Using YAML to specify metadata#

While it is possible to specify all metadata programmatically in Python, it is often more convenient to use YAML files. These files can store data persistently, can be reused across different conversion projects, and can be easily inspected and edited without changing any of the conversion software.
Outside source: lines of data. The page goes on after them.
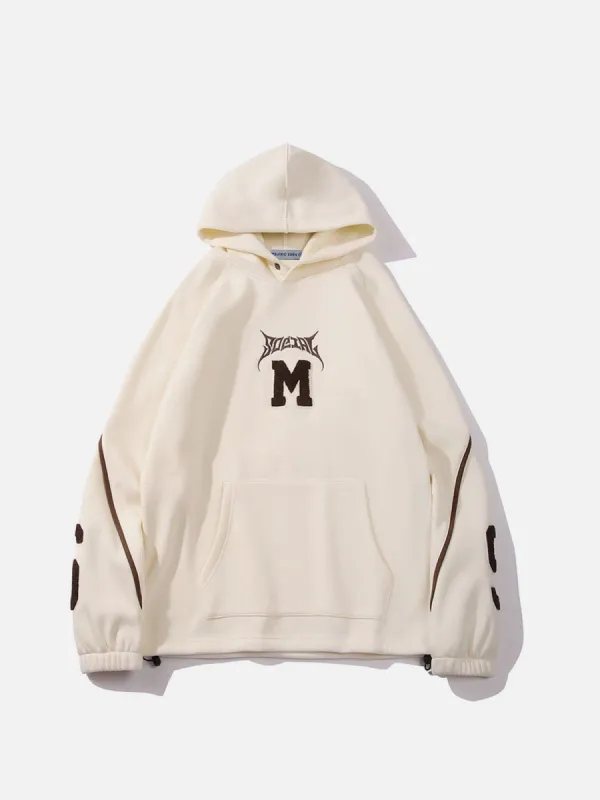 Aelfric Eden Towel Embroidery Letters Hoodie sold by Aelfric Eden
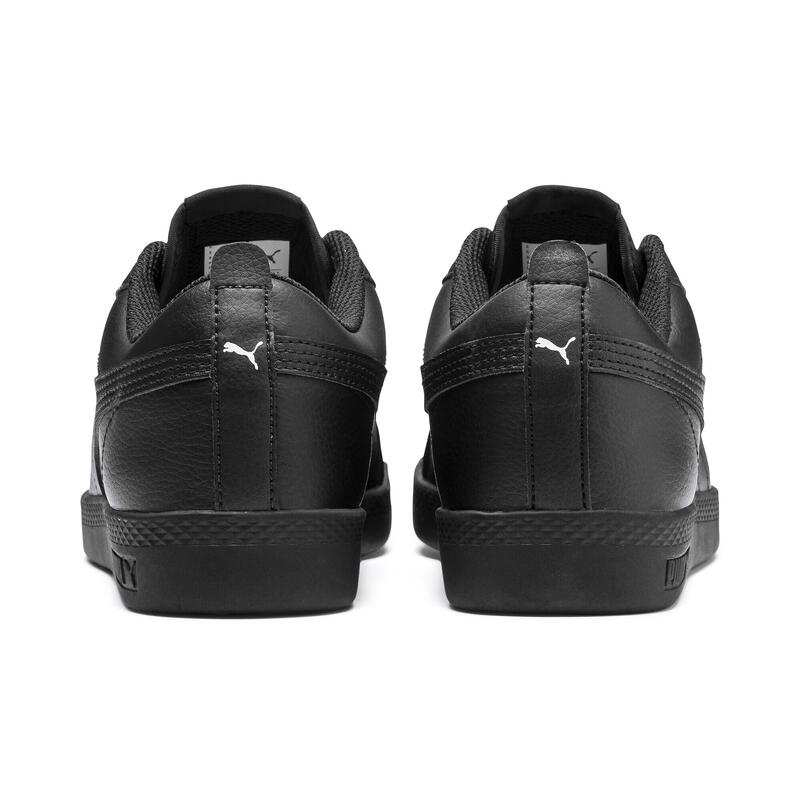 Smash v2 Leder-Sneakers Damen PUMA Black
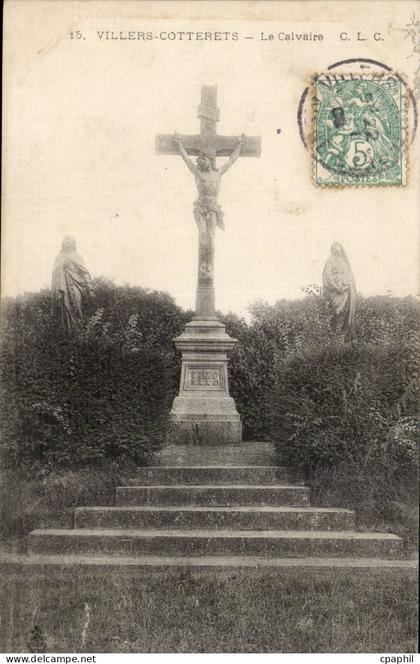 Villers Cotterets CPA Le calvaire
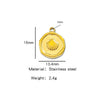 Jewelry Stainless Steel Fourleaf Clover Pendant Electroplating Accessories Including Heart Star Butterfly Cross Shapes
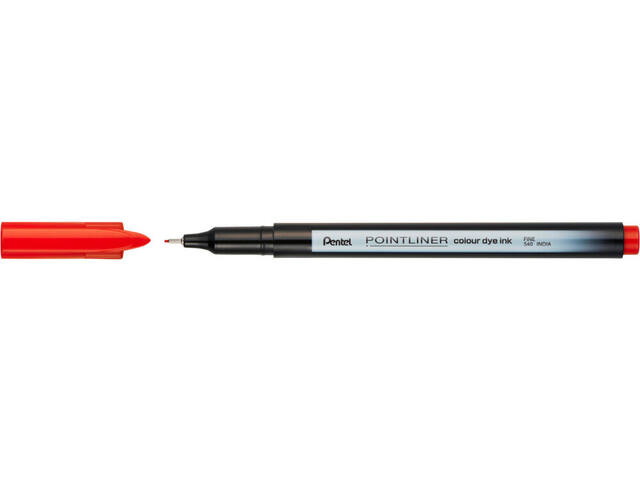 Fineliner Pentel Pointliner S40-B fijn rood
Below is the metadata for NWBFile and Subject, which is applicable to all NWB conversions

NWBFile:
  session_id:  # required by DANDI
  session_description: # required by NWB
  session_start_time: "1900-01-01T08:15:30-05:00" # required by NWB
  lab:
  institution:
  experimenter:
    - "Last, First"
    - "Last, First M."
  experiment_description:
  keywords:
    - "olfaction"
    - "neuropixels"
  notes:
  pharmacology:
  protocol:
  related_publications:
    - "https://doi.org/10.7554/eLife.78362"
  source_script:
  source_script_file_name:
  data_collection:
  surgery:
  virus:
  stimulus_notes:
Subject:
  subject_id:  # required by DANDI
  description:
  species:  # Latin binomial, e.g. "Mus musculus" or "Homo sapiens"; required by DANDI
  genotype:
  strain:
  sex:  # required by DANDI
  age:  # required by DANDI
  weight:
  date_of_birth:  # can be used instead of age

See the API documentation for NWBFile and Subject for the intended use and form of each of these fields.

The fields marked as “required” will be needed later when converting to NWB or uploading to DANDI. It is sometimes possible to extract these fields from source data files or gather them from other sources, in which case it would not be necessary to populate them here.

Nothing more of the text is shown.